Konuyla ilgili çok fazla görüş ileri sürüldü fakat hiçbiri Harry Beckwith’in “Unthinking” (Düşünmeden) adlı kitabında belirttiği kadar açıklayıcı değildi. Krispy Kreme yöneticileri 2003 yılında büyüme kararı alırken büyük bir hata yapmışlardı. Şirketin hisse değerini 480 dolarlar seviyesine getiren etkenin “çok lezzetli donat’lar” olduğunu düşünmüşlerdi. Ama bu büyük bir hataydı. İnsanlar 25 blok yürüyüp kuyrukta dakikalarca bekledikten sonra aldıkları birkaç donatı seviyorlardı; sadece lezzetli olanını değil! Oysa Krispy Kreme, ürünlerini her yere dağıtarak donat severlerin hayatını kolaylaştırdığını düşünüyor ve şirketin değerini daha da arttıracağını planlıyordu. Ulaşılması zor olanın cazibesi her bakkalda bulunabilenden fazlaydı ve ne yazık ki şirket yöneticileri bunu görememişlerdi. Tıpkı güzel bir park yerini terk ederken yavaş hareket etmemiz gibi; zor olan değerlidir.
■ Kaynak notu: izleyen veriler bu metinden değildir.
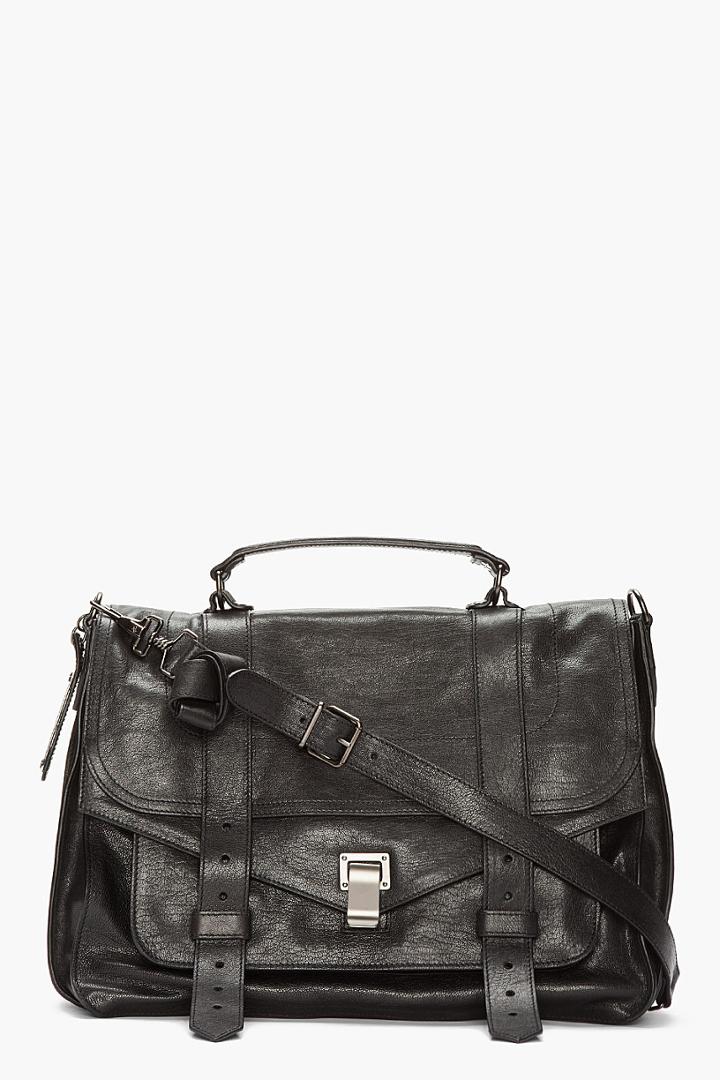 Proenza Schouler Black Leather Foldover Ps1 Messenger Bag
İşte finansal piyasaların bu tuhaf ödül sistemi 2006 yılında TIME dergisinin “Yılın kişisi” ödülünü iyi tanıdığınız birine verilmesine sebep olmuştur. Şimdi birçok kişi TIME dergisinin 2006 yılında kime “Yılın kişisi” ödülünü verdiğini bulmak için arama motorlarına başvuracaktır. Hatırlamayanlar ve bilmeyenler için biz yine de söylemiş olalım: İrrasyonel düşünen size!